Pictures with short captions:

----------

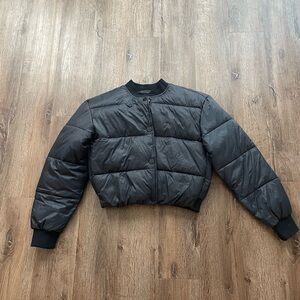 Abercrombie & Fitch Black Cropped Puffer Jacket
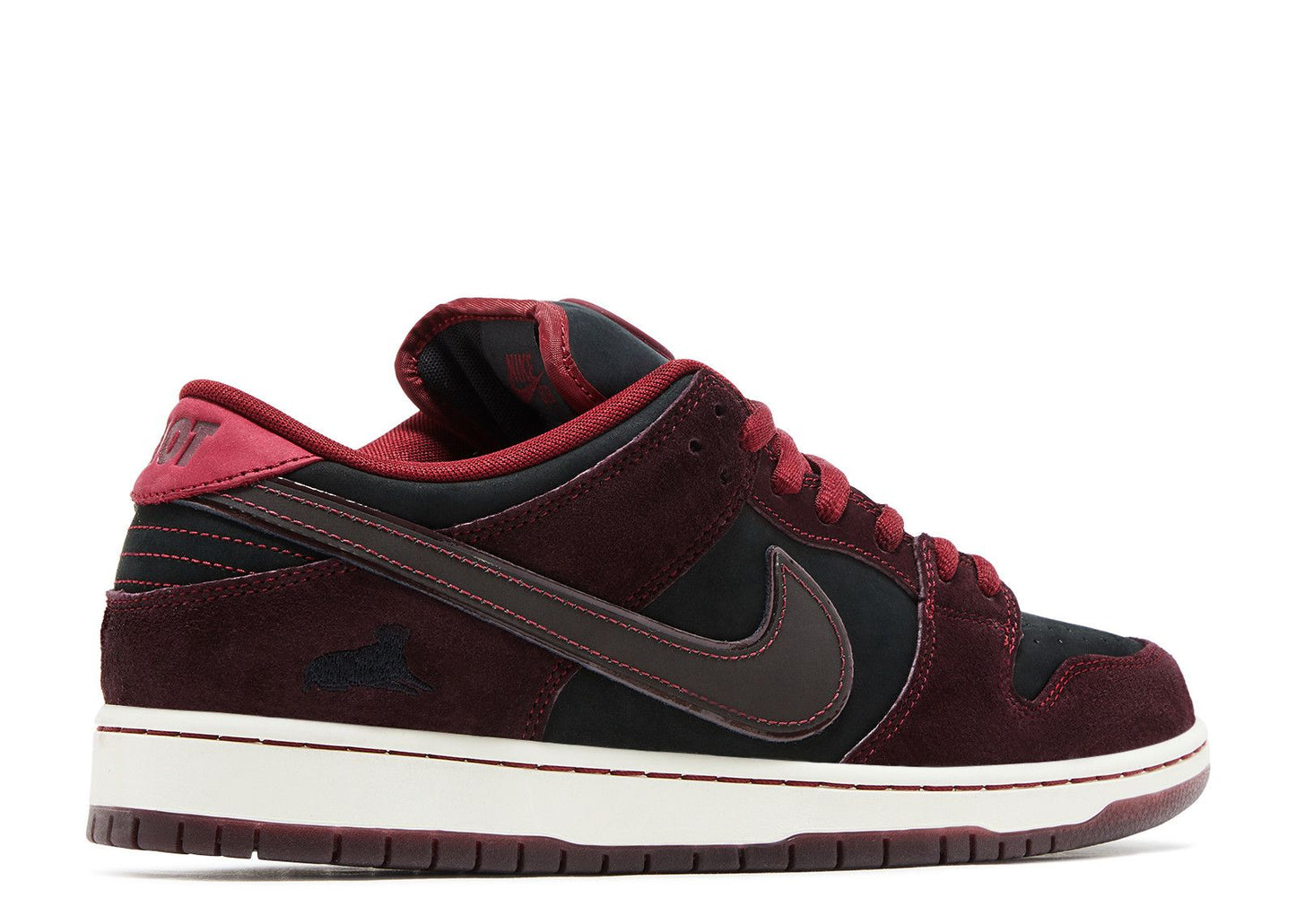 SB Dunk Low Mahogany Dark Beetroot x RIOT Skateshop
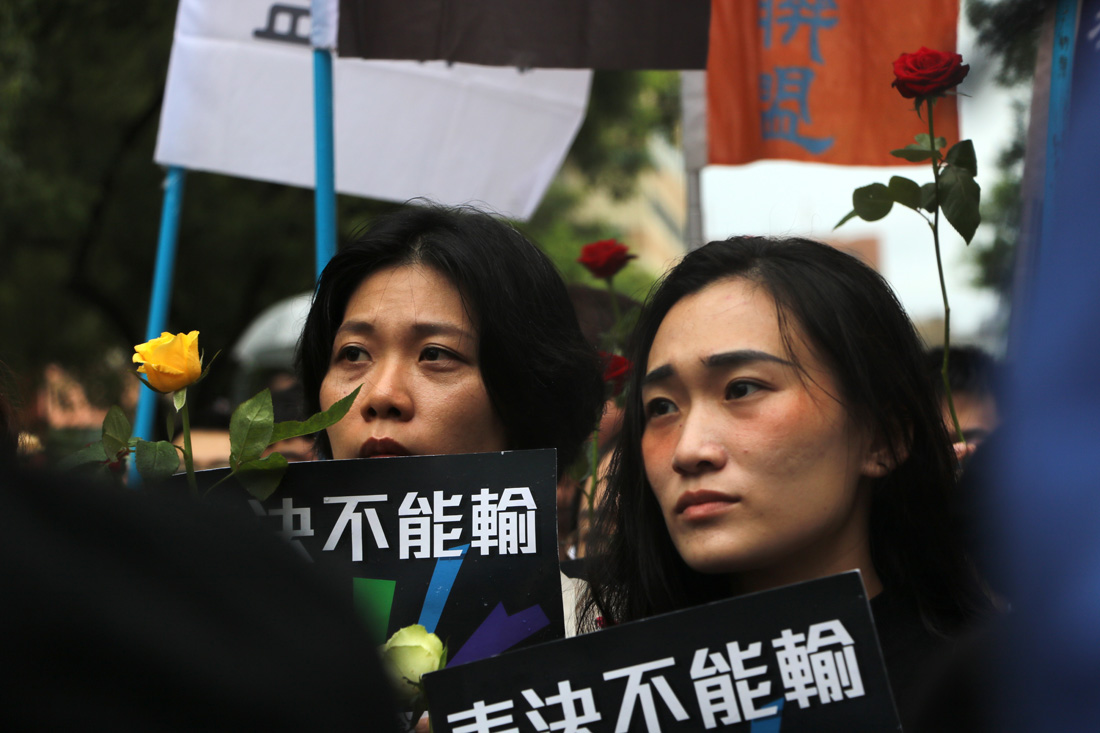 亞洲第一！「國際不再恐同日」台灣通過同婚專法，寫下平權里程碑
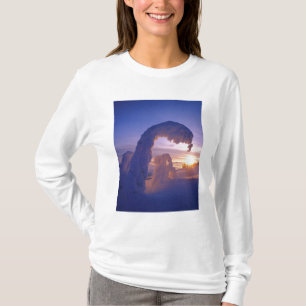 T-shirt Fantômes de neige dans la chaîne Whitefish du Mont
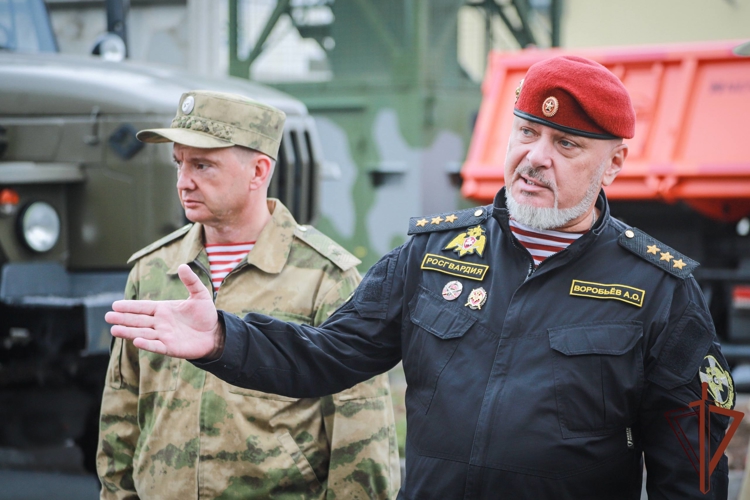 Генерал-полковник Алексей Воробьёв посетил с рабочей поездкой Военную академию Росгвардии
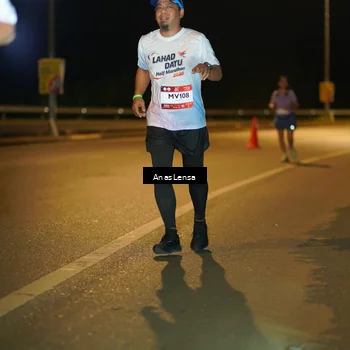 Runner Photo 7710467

----------

▸ Problem details:
Start at the line that contains "亞洲第一！「國際不再恐同日」台灣通過同婚專法，寫下平權里程碑" and retype every line through the end of the entries above, both ends included. Exclude all pictures.

▸ Your solution:
 亞洲第一！「國際不再恐同日」台灣通過同婚專法，寫下平權里程碑
 T-shirt Fantômes de neige dans la chaîne Whitefish du Mont
 Генерал-полковник Алексей Воробьёв посетил с рабочей поездкой Военную академию Росгвардии
 Runner Photo 7710467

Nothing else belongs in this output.